Comment bien s’intégrer au sein de sa communauté de coworkers ?

Hanane El Jamali : Ici, nous avons mis en place un process d’intégration : nous suivons de manière rapprochée les liens qui se créent entre les personnes. Notre objectif est qu’au bout de deux mois, chaque coworker se soit constitué une mini-communauté de 4 ou 5 personnes avec lesquelles il se sente super bien. Au bout de 9 mois, l’enjeu est que chacun maîtrise les enjeux business d’une quarantaine de coworkers. Nous avons deux personnes à temps plein – dont un superconnecteur – dont le travail consiste uniquement à créer du lien entre nos membres.
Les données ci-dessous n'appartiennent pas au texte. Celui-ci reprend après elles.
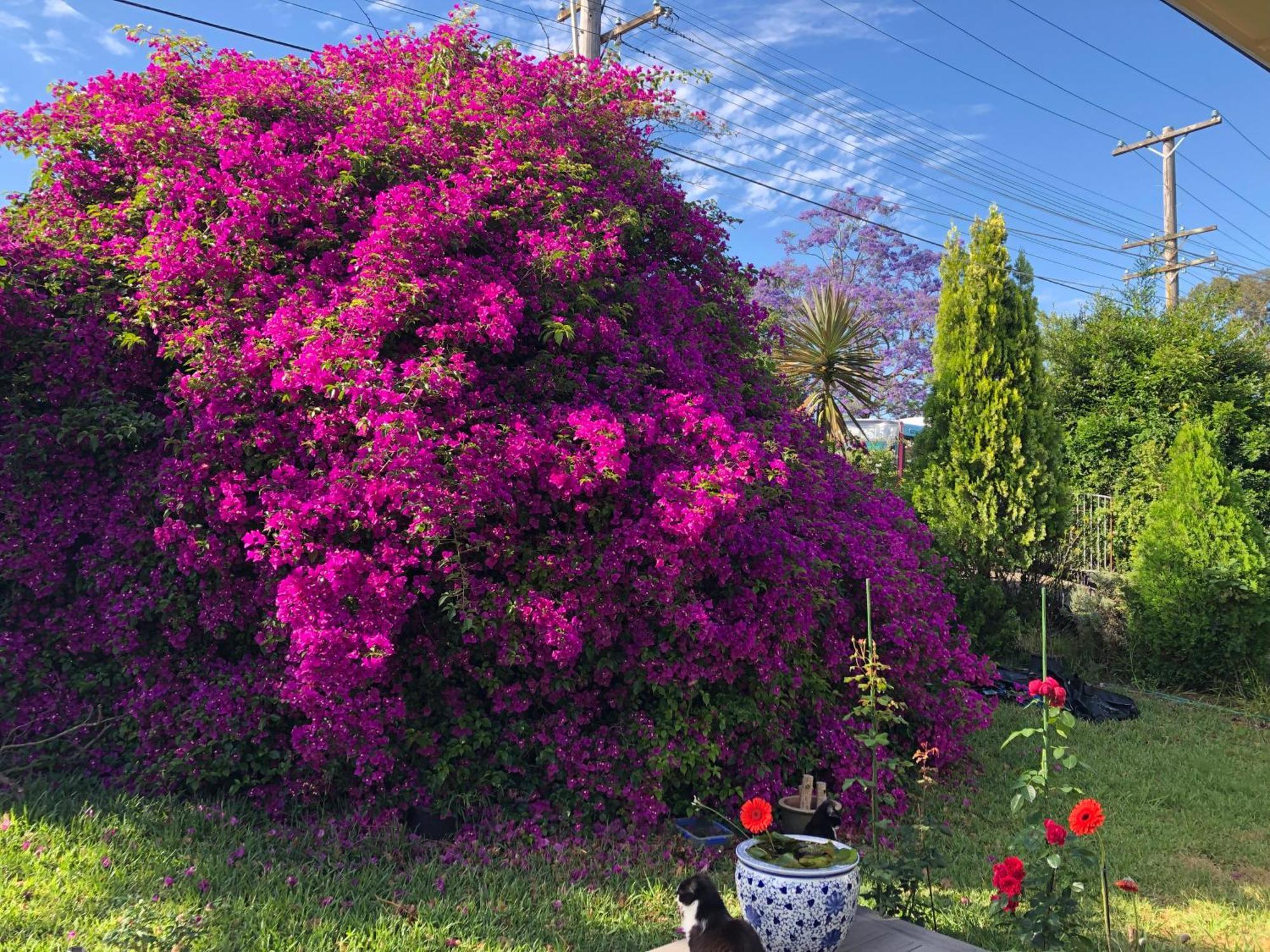 Tranquil Garden View Macquiare Marsfield Eastwood Sydney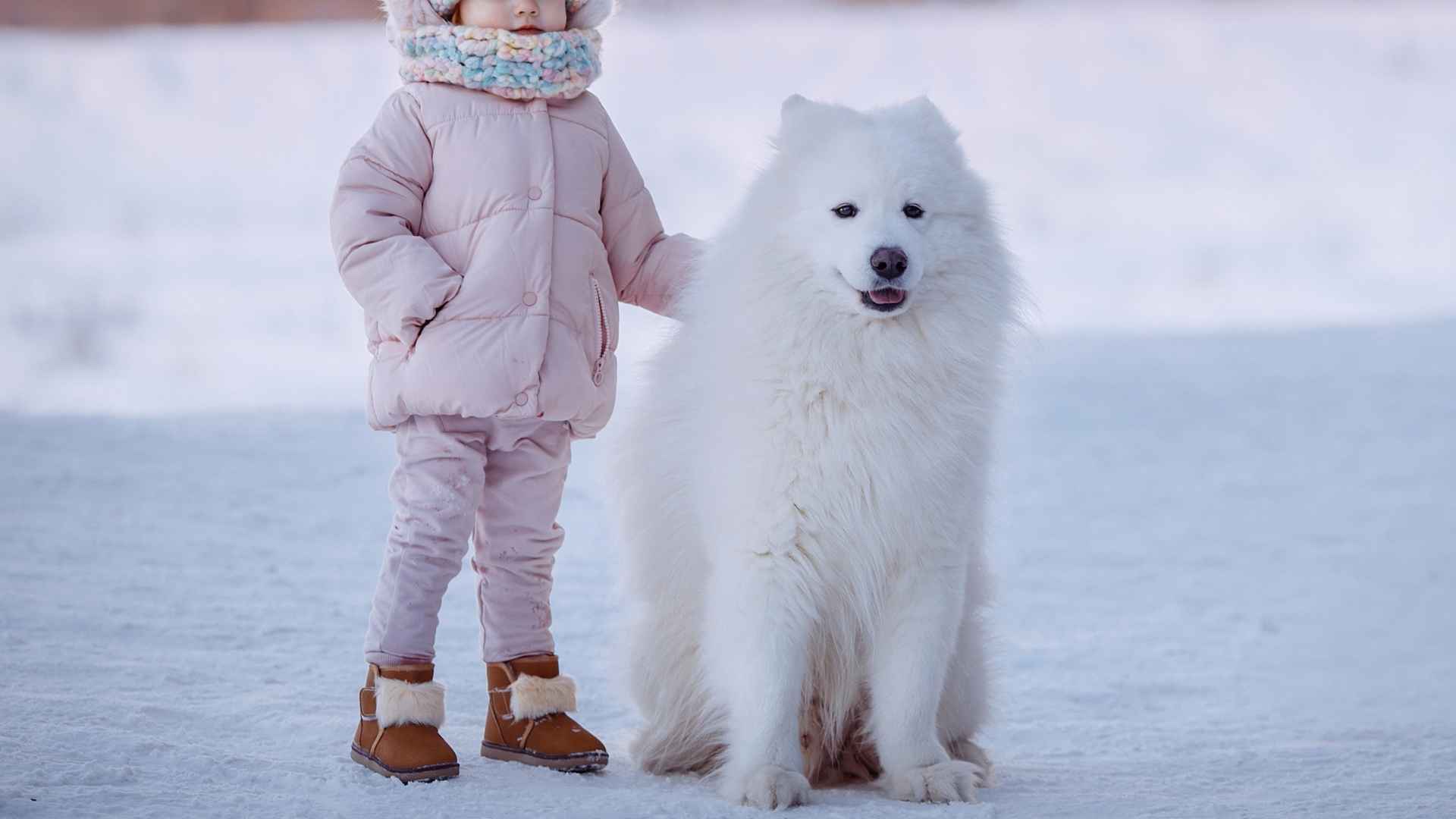 Top 10 Companion Dog Breeds For Autistic Children: Heartwarming Help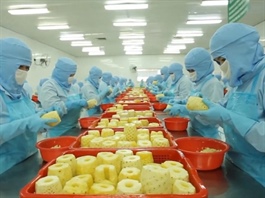 ANT chào sàn HOSE với giá 40,900 đồng/cp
Nous organisons également des entretiens business afin de comprendre les enjeux de nos membres, les orienter vers des coworkers ayant été confrontés aux mêmes problématiques.

Quel état d’esprit adopter dans un espace de coworking ?

Hanane El Jamali : Bienveillance, spontanéité et curiosité !

A partir de quel moment peut-on considérer  sa structure suffisamment importante pour ne plus en avoir besoin d’évoluer dans un espace de coworking ?

Hanane El Jamali : Contrairement à un incubateur où la durée de présence est limitée, l’objectif est de pouvoir accompagner les entrepreneurs depuis l’idée, jusqu’à ce qu’ils se développent en une structure de 40, 50 personnes. Chez Remix, nous avons comme principe de ne pas prendre d’équipe représentant plus de 10% de la totalité nos coworkers, toujours pour des raisons de décloisonnement.

L’objet est de répondre à tous les créateurs d’entreprise. Ils se rendent bien compte que la plus-value du coworking est énorme : ici, les gens sont passés par tellement d’expériences différentes qu’à la moindre question ou difficulté, quelqu’un peut vous aider dans la seconde. C’est une plus-value inestimable.